AFAIK a lot of early Dvorak wasn't published until much later. Thus the confusion with the 9th symphony being labeled "5th" until far into the 20th century. Brahms liked Dvorak's music and supported him but I don't think there was much influence. Brahms had the occasional "folksy" theme early on (and then usually hungarian/gypsy, not bohemian).


----------



## dko22

Brahms discovered Dvorak in 1874 when sitting on the Austrian State Stipendium jury. The large number of works submitted included two symphonies which must have been 3 and 4, I think. At this stage 5 had not yet been written, 1 was lost and no.2 was likely impounded as he didn't have enough money to pay the binder! I share Kreisler jr 's scepticism that at this stage, Dvorak would have influenced Brahms though I wouldn't rule it out for later on. It is clear, though, that Dvorak 6 for instance was written after and in response to Brahms 2 (though supposedly the Eroica was also a model).


----------



## Kreisler jr

dko22 said:


> Brahms discovered Dvorak in 1874 when sitting on the Austrian State Stipendium jury. The large number of works submitted included two symphonies which must have been 3 and 4, I think.

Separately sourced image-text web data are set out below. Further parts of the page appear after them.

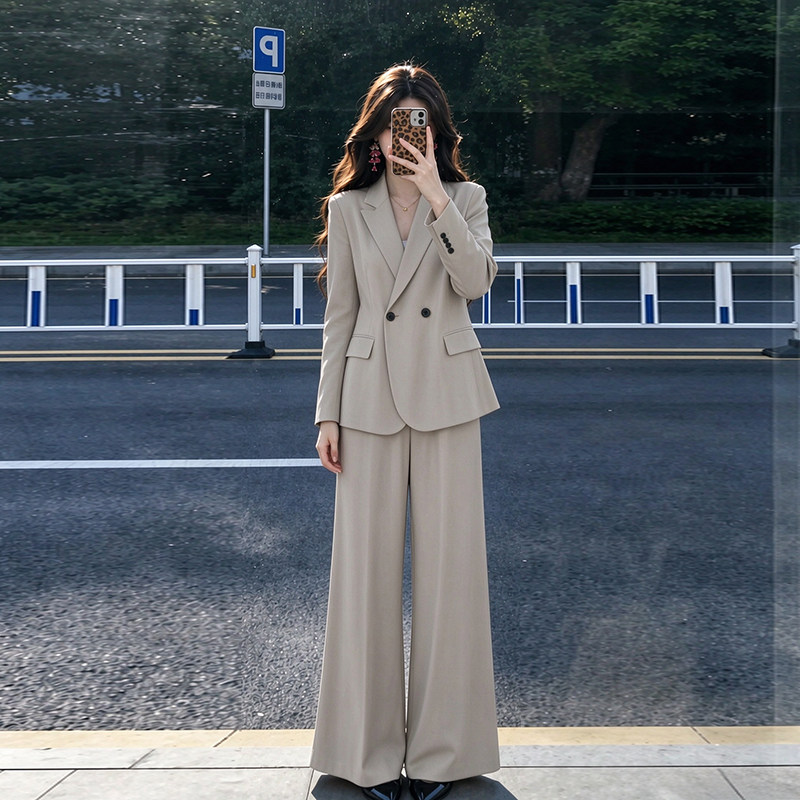 奶茶灰西装外套女春秋2026新款小个子高级感宽松韩系休闲西服套装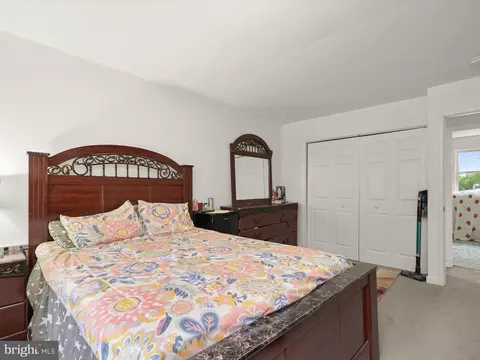 Bedroom - 7799 Fox Ct, Pasadena, MD 21122 photo 5 of 9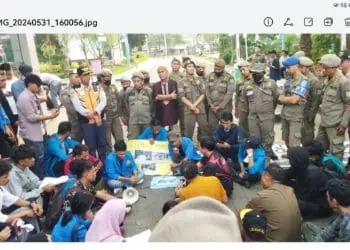 Truk Tanah Berkeliaran di Luar Jam Operasional, Mahasiswa Demo Kantor Wali Kota Tangsel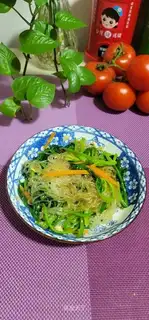 A spinach mix fan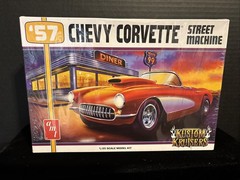AMT 1498 ‘57 CHEVY CORVETTE MODEL KIT-NIB-1/25 SCALE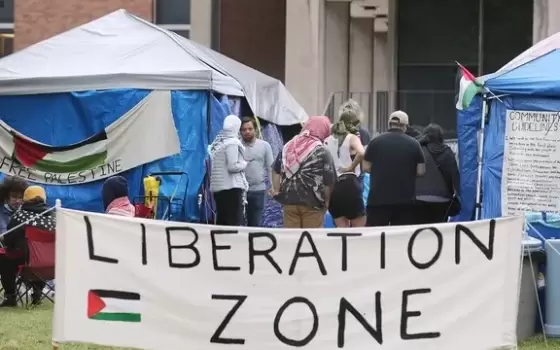 مخيم طلابي تضامني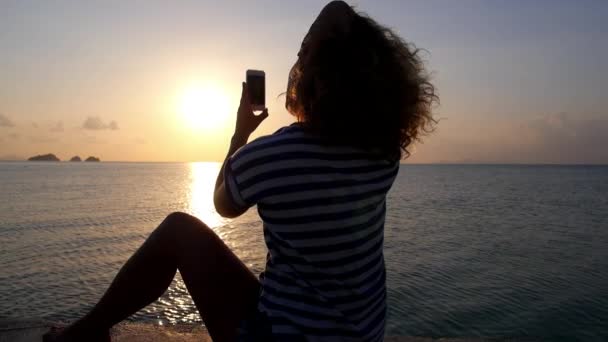 Γυναίκα χρησιμοποιώντας έξυπνο τηλέφωνο τραβήξετε μια φωτογραφία του ηλιοβασιλέματος. — Αρχείο Βίντεο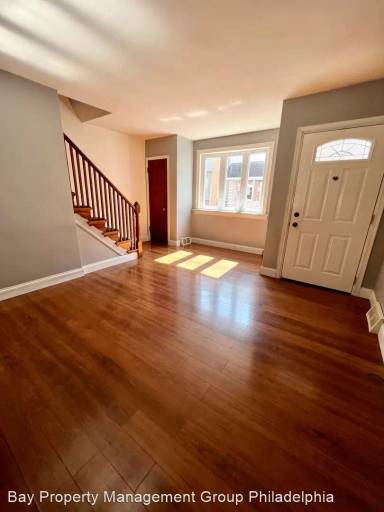 Main picture of 3430 Livingston St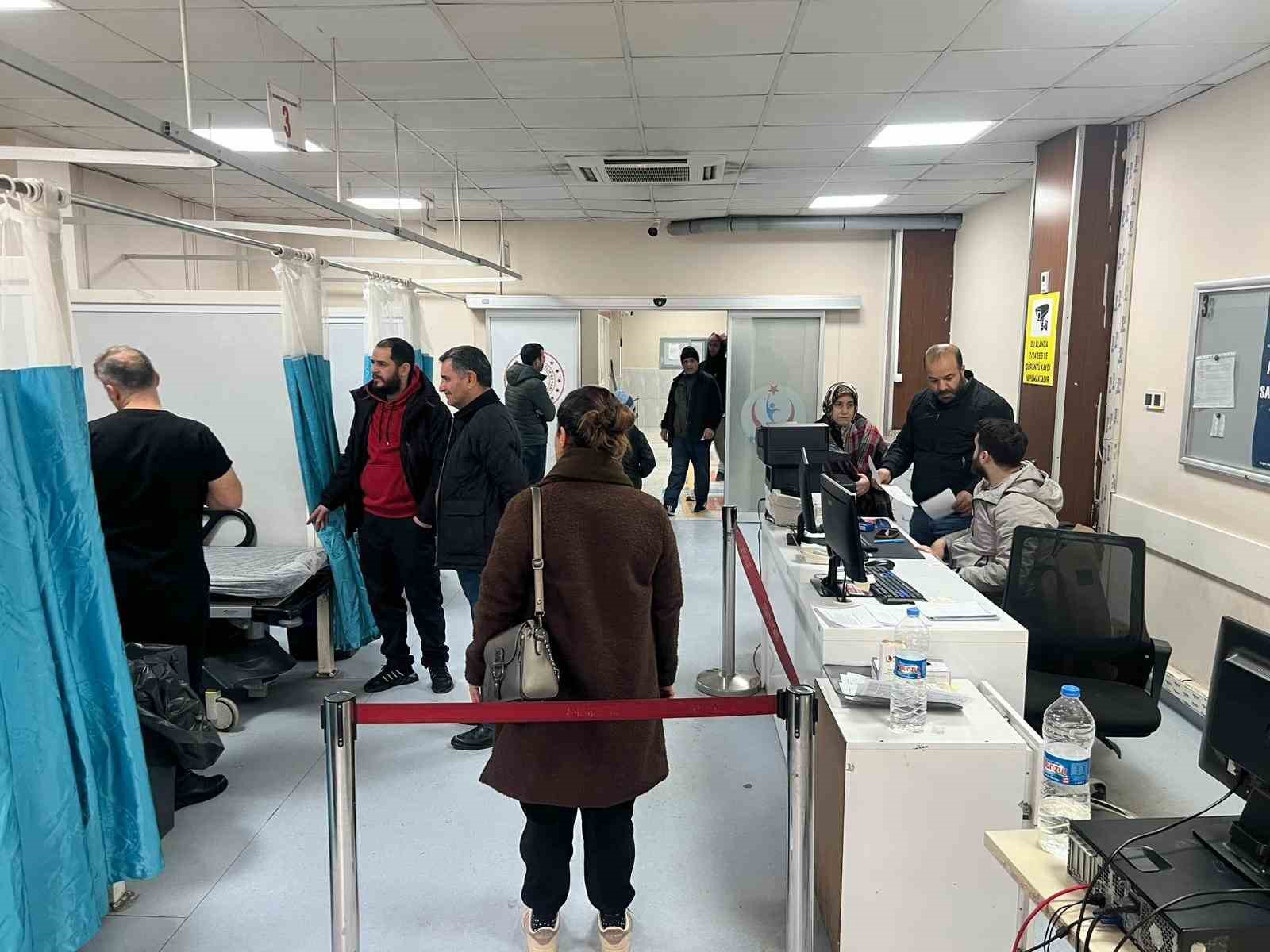 uzmanindan buzlu havada kosele ayakkabi kundura ve yuksek topuk uyarisi 0 PpuQB8A5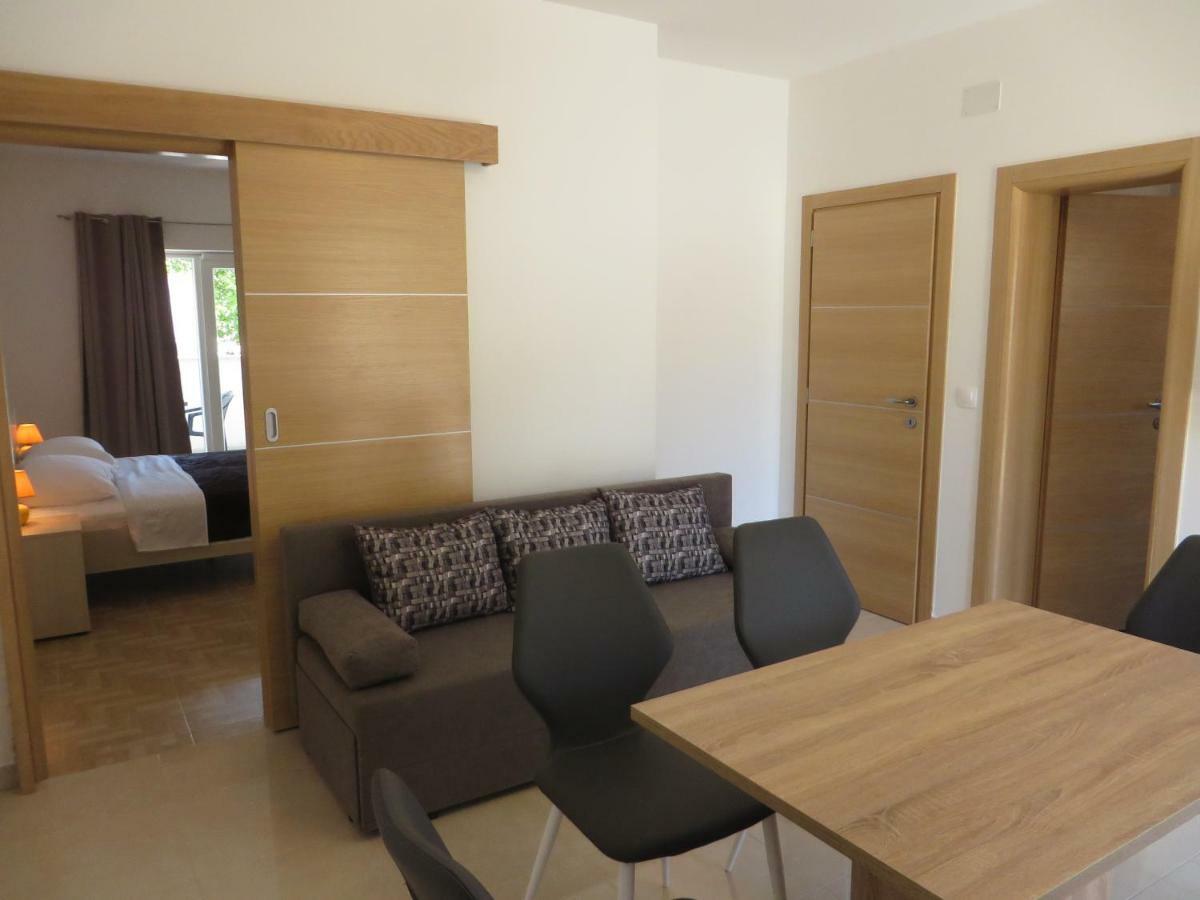 Luka Apartments Biograd Na Moru Exteriér fotografie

Thanks, I was not aware of the precise chronology.



> I share Kreisler jr 's scepticism that at this stage, Dvorak would have influenced Brahms though I wouldn't rule it out for later on.

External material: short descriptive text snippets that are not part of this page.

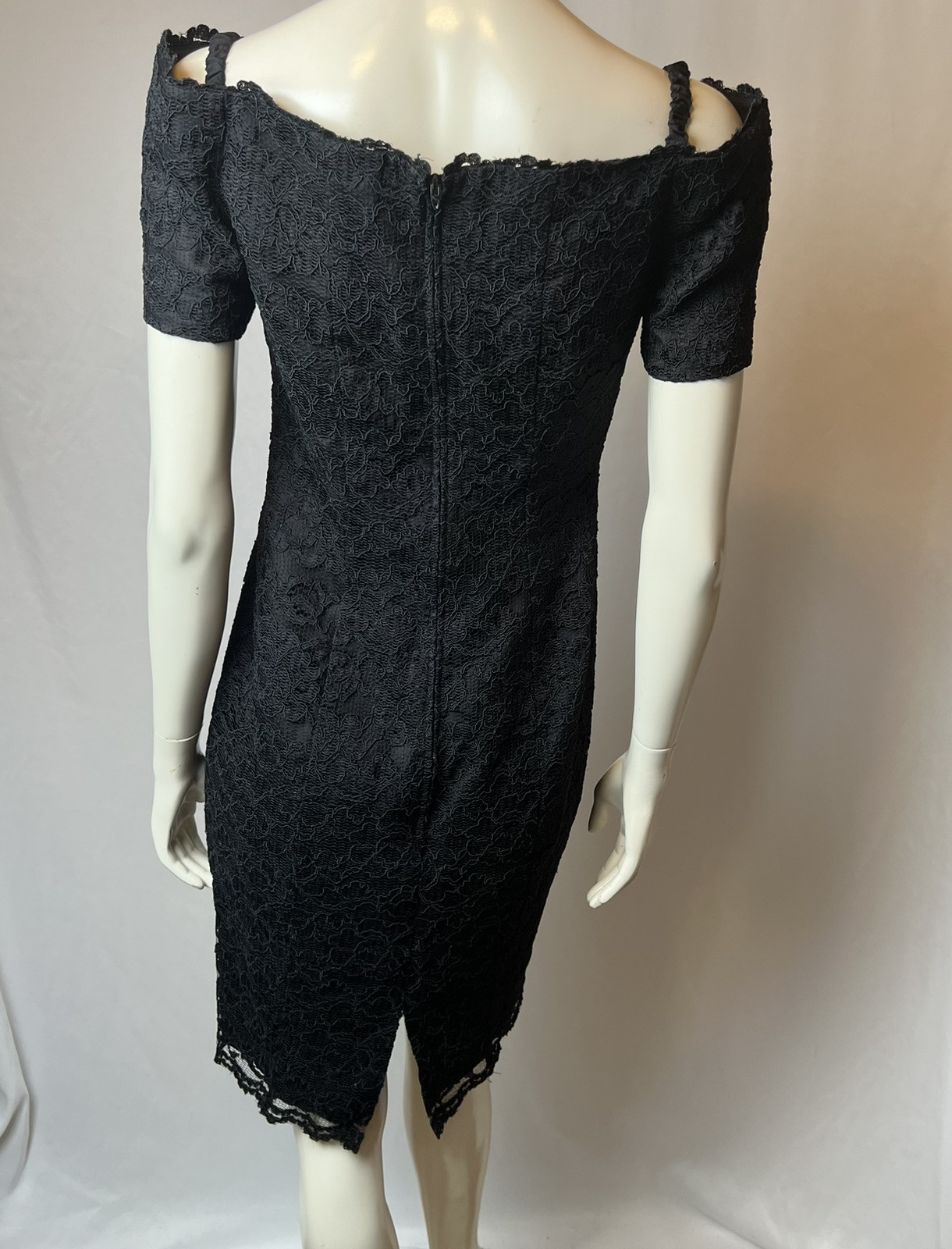 Vintage Expo Nite Black Lace Dress Cold Shoulder Size 6 See measurements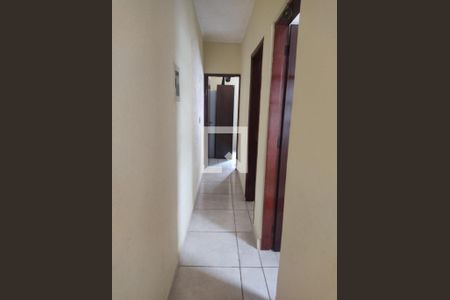 CORREDOR INTERNO de casa à venda com 2 quartos, 162m² em Vila Osasco, Osasco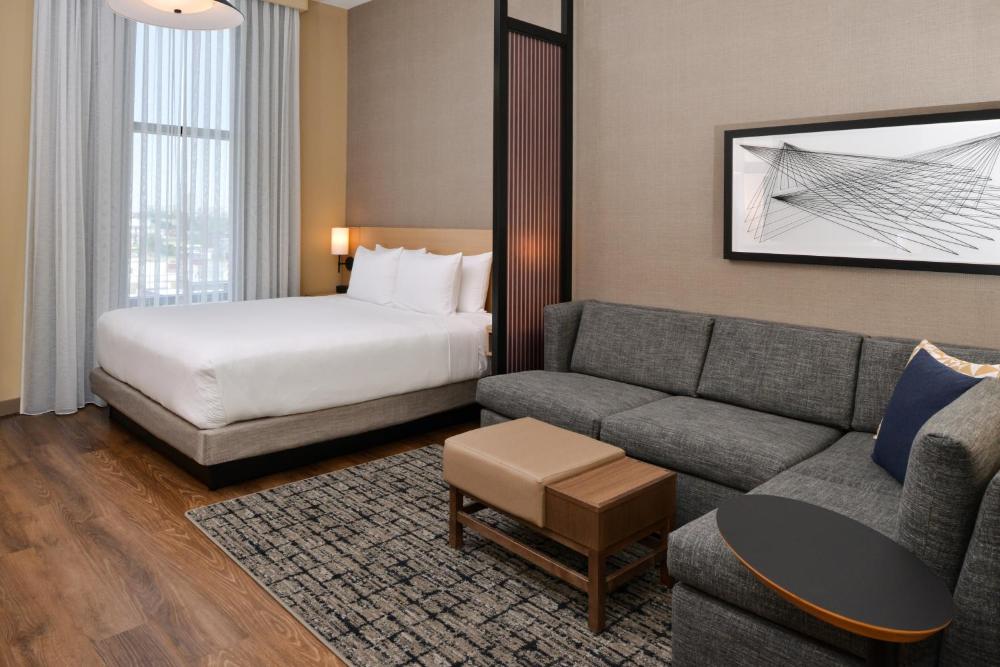 King Room with Sofa Bed - High Floor interior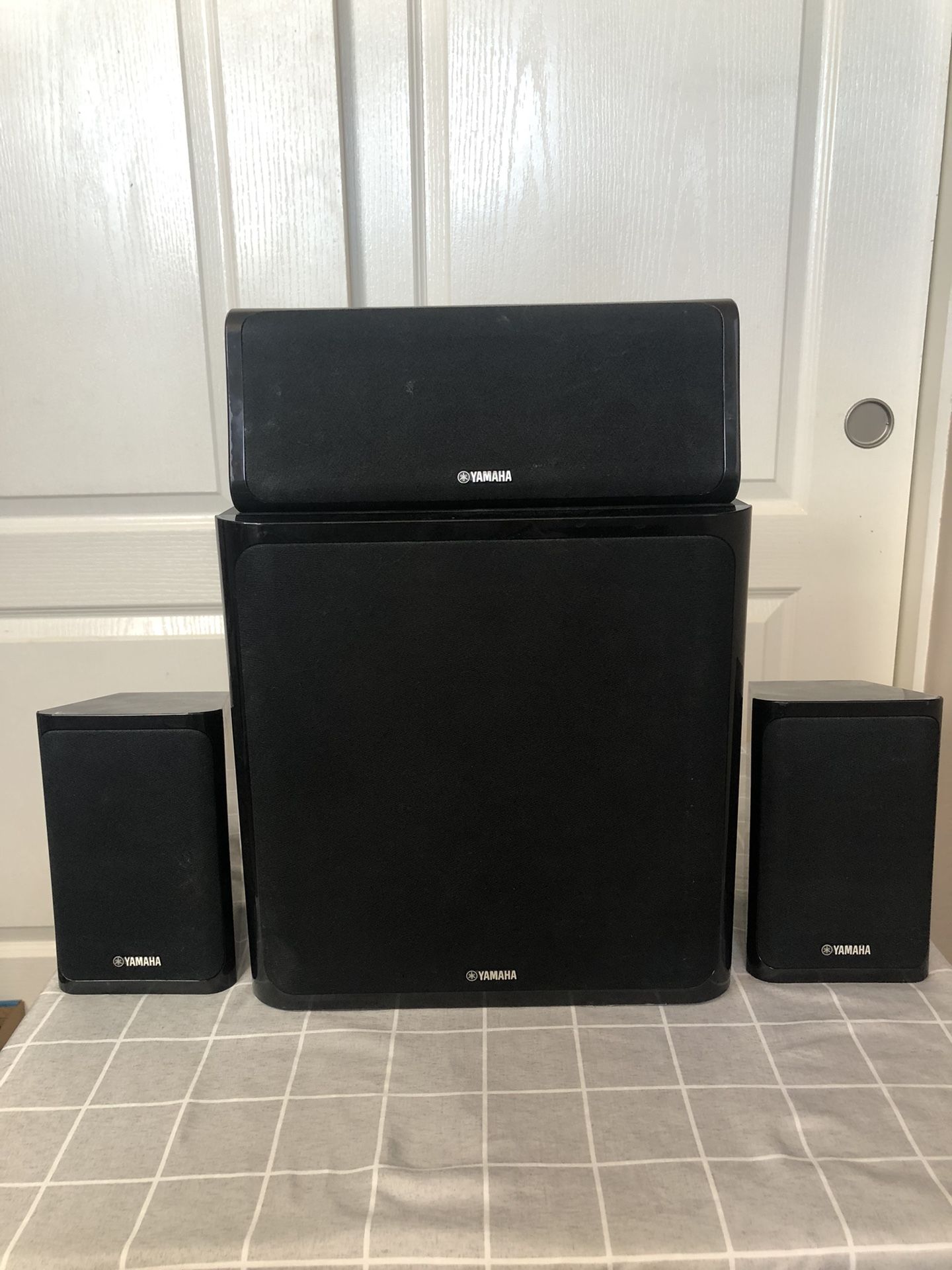 Yamaha Speakers & Subwoofer - Audio System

I remain doubtful; Brahms was a generous supporter of Dvorak although he cannot have been too fond of the "loose" structure of early Dvorak. As Brahms got ever more self-critical and perfectionist as he aged, I don't think there was much he could (or wanted to) learn from Dvorak. He probably rather went through another volume of Bach or Schütz instead...



> It is clear, though, that Dvorak 6 for instance was written after and in response to Brahms 2


yes, the thematic and "mood" similarities in the outer movements are fairly obvious, the 3rd movement is quite "pure Dvorak", though, I think.


----------